Author: Arpita Victor
Editor: Riya Singh Rathore
Land rights are often touted as a means to empower the economically backward classes. The early completion of effective land reforms was key to the economic growth and development of many (now developed) countries. While the importance of land reforms was emphasised in newly independent India 75 years later, but one finds that land reforms have singularly failed. This is despite the significance land holds in the country’s political discourse with its centrality in peasant strife since colonial times. To understand whether redistributive land reforms hold any value in today’s context, marked as it is by increasing economic inequalities and disparities, this paper attempts to dissect the class dynamics that contributed to the failure of land reforms in India and analyses the changing rhetoric over redistributive land reforms since independence.

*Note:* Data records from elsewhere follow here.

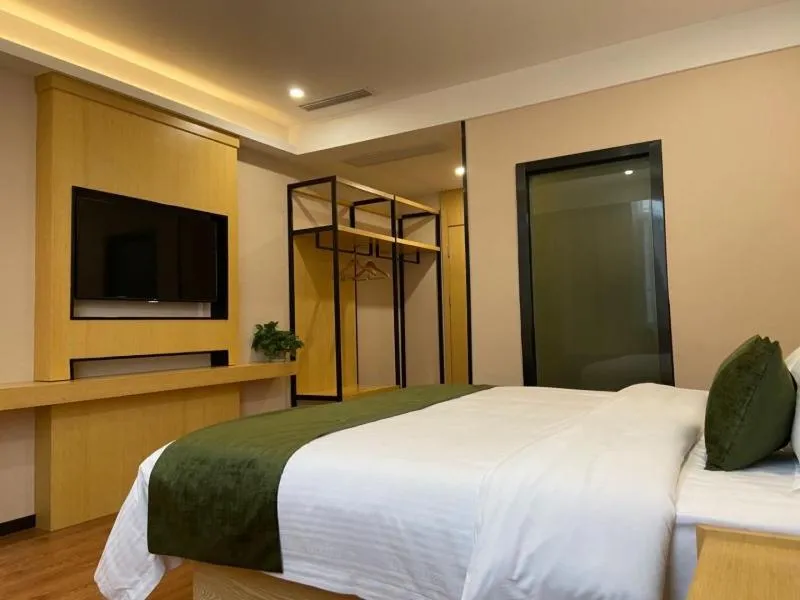 Bed in GreenTree Inn Changzhou Zouqu Town Tai fu Times Square Zhenzhong Road Express Hotel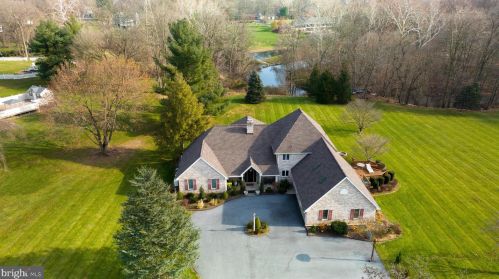 6 Waterfront Estates Dr, Lancaster, PA 17602-4133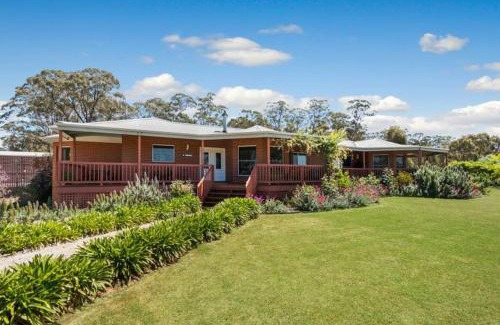 Heathcote Villa | Heathcote Holiday Farmstay 5-BRM Villa with Pool BBQ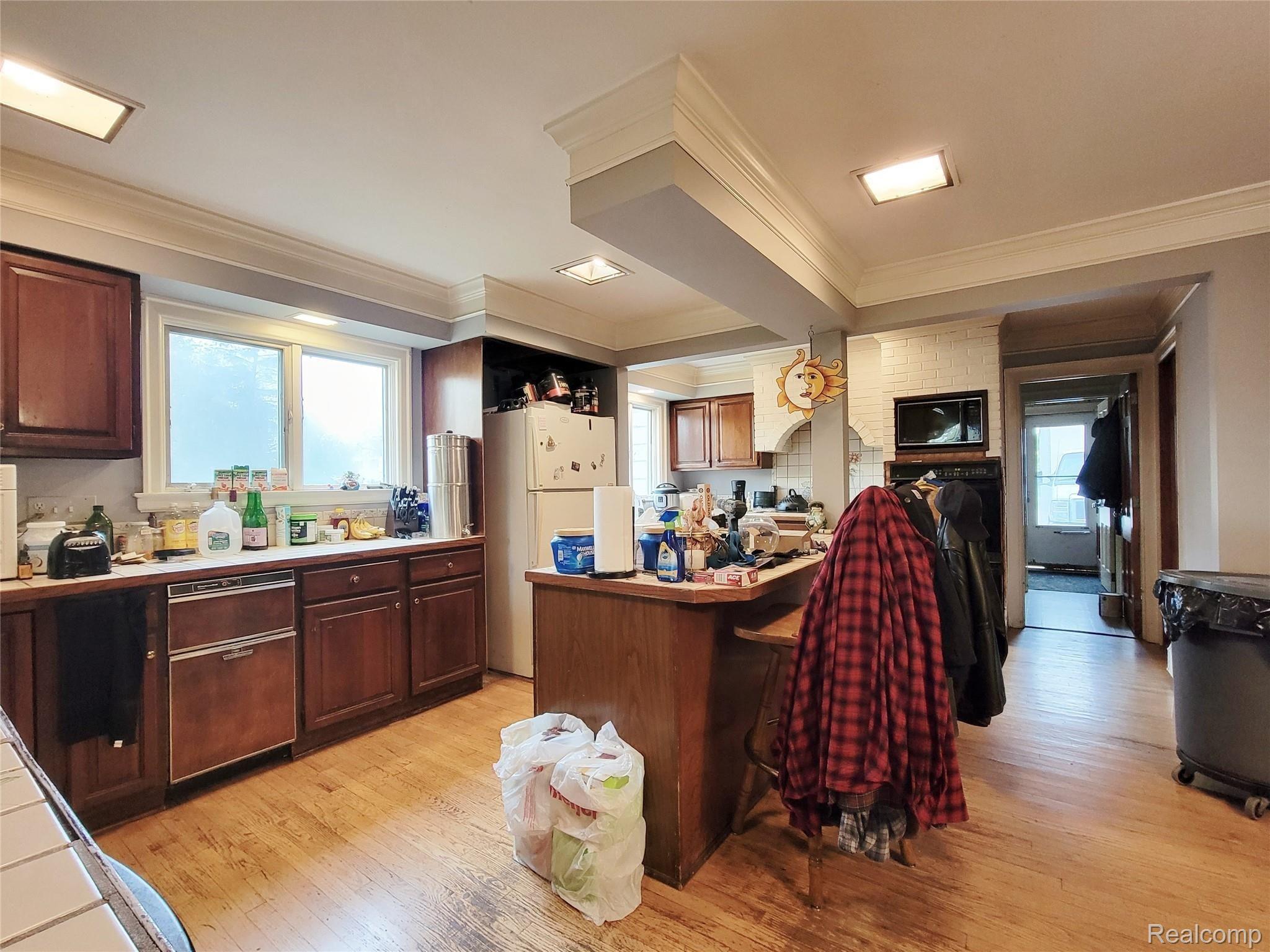 4090 North Rochester Road Rochester, MI 48306 - Photo 8 of 46 8.jpg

Keywords: Land reforms, Land redistribution, Property, Agrarian class relations, Farming
Domestic governments across the world, especially in the mid-twentieth century, undertook significant reforms to decrease inequalities in land ownership. However, India’s case could not be any farther from satisfactory. The post-independence state failed to bring reforms, despite popular support and demand from the masses for structural reforms in agrarian land relations. Its Five Year Plans and numerous reports continually emphasise the need for redistributive land reforms. Land reforms mostly took on the form of the redistribution of privately owned land that exceeded a certain limit. This excess land was called “ceiling surplus land”, and this limit varied from state to state as land is a state subject. Though redistribution of ceiling surplus land has failed, it is worthwhile looking into the reasons, both at the national and grassroots level, to understand the reality of land redistribution since the problem at hand is far more complex than just the poor implementation of the reforms.